A fuel cell is an electrochemical cell in which a direct DC current is generated by the reaction of hydrogen and oxygen. Currently, hydrogen-fueled buses and cars can be seen in countries like Japan, South Korea, America, and Germany. So much for foreign affairsFuel cell cars are powered by highly compressed hydrogen gas that feeds into an onboard fuel cell “stack” that does not burn the gas, but instead converts the chemical energy of the fuel into electrical energy. This electrical energy then powers the vehicle’s electric motor.
In the current modern era, the automobile sector has been most influenced by fuel cell technology. Fuel cell vehicles have expressed a general research interest among big names in the automobile industry. The electricity obtained by the fuel cell is used to power a motor which acts as torque to provide rpm to the transmission system.
Electrical energy carries 85% of the efficiency of the mechanical power by the motor, leading to an overall efficiency (85% of the fuel cell + 85% of the motor) of about 70% (although there are some transmission losses), which is a huge increase compared to the 35% efficiency of a petrol engine. These numbers apply to a fuel cell using pure hydrogen.

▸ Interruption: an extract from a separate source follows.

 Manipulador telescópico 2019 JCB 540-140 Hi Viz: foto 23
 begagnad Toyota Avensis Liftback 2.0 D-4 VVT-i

As of 2015, there are two models that are commercially available and tested, the Hyundai IX35 FCEV and the Toyota Mirai, although they were released in limited quantities. There are many more concept cars released by automobile companies like Honda (FCX Clarity and FCV Concept), Audi (A7 h-Tron Quattro), Mercedes Benz (F-Cell and F800), and Volkswagen (Golf Hymotion) and Nissan (TeRRA FCV SUV). A ) The most efficient models involve the use of pure hydrogen which can increase the weight and therefore sometimes hydrogen compounds are used which are worked by adding an additional device called a “reformer” to extract the hydrogen.
Now we may still have doubt about why battery-powered cars are not good enough to work. Although batteries have more capacity than fuel cells (about 90%), they cannot produce any energy of their own. The electricity used to recharge the batteries has to come from somewhere, and that energy is environmentally friendly or may not be generated in an efficient manner.
Why Fuel Cells?
The main reason why fuel cells hold promise in power generation is that they act as environmentally friendly. Fuel cells use water as their main byproduct which is another big advantage. Since conversion to low-grade energy such as thermal energy is now being eliminated, they are highly efficient, converting 85% or even 95% ie 85% of the energy released from chemical reactions into electricity.
Dependence on fossil fuels must be ended so that life on Earth can comfortably survive and not destroy the environment, and this is why scientists and engineers are constantly working toward finding better ways to produce energy. Fuel cell technology may be the answer but currently, this technology is not strong enough to replace conventional power generation. They have issues with cost, durability, storage, malfunctioning, and other considerations. Countries are also working to produce hydrogen in environmentally friendly ways and have formed an “International Partnership for the Hydrogen Economy” among 18 countries. Hydrogen is the most abundant energy element present in the universe and powers stars. When we use this gift of nature, we must obey the laws of nature.
So now some automakers believe hydrogen fuel-cell vehicles can secure a place in the automobile’s new, more fragmented future. So could synthetic biofuels, hybrids, autogas carbon, and other powertrains, as engineers move in new directions exploring multiple technologies to balance decarbonization with consumer needs.